2. Être dans l’empathie

L’empathie se situe sur deux niveaux : affectif et cognitif. Le premier permet de ressentir les émotions de l’autre, le second, d’anticiper ses intentions. Comme l’explique Erwan Devèze, il est important de développer les deux, dans une juste mesure. « Un niveau d’empathie cognitive élevée permet d’être dans une bonne posture de négociation, tandis que la dimension affective nous aide à comprendre les émotions de l’autre, ses ressentis, sa gêne, ses craintes… Mais il ne faut pas se laisser déborder par ses émotions. » Ça suppose évidemment de s’intéresser à l’autre, mais aussi de savoir se mettre à sa place. Par exemple, pourquoi aborde-t-il un problème sous cet angle ? Il a l’air sous tension, pour quelle raison ? Après ça, il sera plus simple de comprendre et d’appréhender son raisonnement.

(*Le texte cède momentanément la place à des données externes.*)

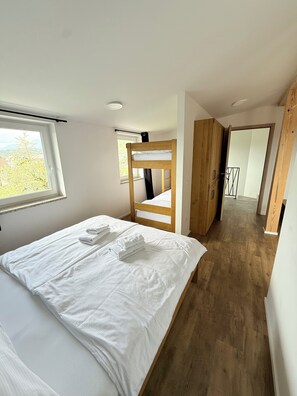 City Apartment | Free WiFi, bed sheets - PJagodic Hotel Cerklje (Cerklje na Gorenjskem)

3. Employer les mots de l’autre

Une expérience de psychologie sociale menée dans un restaurant hollandais a montré que les serveuses qui répétaient les commandes de leurs clients recevaient des pourboires plus souvent et d’un montant plus important que leurs collègues qui disaient simplement avoir noté la commande. Répéter les paroles de son interlocuteur présente en effet plusieurs avantages : dissiper un éventuel malentendu, mais aussi, montrer que l’on prête attention aux mots de l’autre. En outre, reformuler peut aussi permettre de récolter de nouvelles informations.

4. Travailler son assertivité

L’assertivité désigne notre capacité à exprimer un point de vue sans l’imposer à l’autre. Et à l’inverse, à écouter et respecter le sien. « Dans les relations interindividuelles, on a souvent tendance à vouloir passer en force, mais il faut aussi écouter ce que l’autre a à dire, même si son idée est opposée à la nôtre. » Cette aptitude permet une communication apaisée et dénuée d’agressivité, dans laquelle on se sentira plus confortable. Mieux vaut donc prendre le temps d’écouter les différents points de vue, et éviter de conclure un échange par un : « C’est comme ça, un point c’est tout ». Ni très fair-play, ni très constructif pour parvenir à une relation professionnelle saine.

5. Éviter de s’improviser mime

Se calquer sur la façon de communiquer de l’autre en s’inspirant de sa gestuelle, son ton ou sa sémantique peut poser les bases d’une synchronisation neuronale. Mais attention à ne pas tomber dans l’excès, auquel cas un malaise risque fort de s’installer. « Si la démarche est amenée lourdement ou dans un but manipulatoire, vous avez toutes les chances pour que votre interlocuteur le détecte et là, c’est la double peine. S’il doute de votre sincérité, vous n’êtes pas prêt de construire une relation de confiance avec lui », détaille le spécialiste. Joindre ses mains en même temps que son N+1, se racler la gorge quand il tousse ou imiter son accent alsacien, c’est donc à proscrire.

Le fonctionnement des neurones miroirs est bien plus complexe que le jeu du miroir qui, de toute façon, était déjà agaçant dans la cour de l’école. Un comportement à la fois attentif, observateur et bienveillant s’avère bien plus constructif pour influencer positivement un entretien, et se capter sur le Bluetooth du cerveau.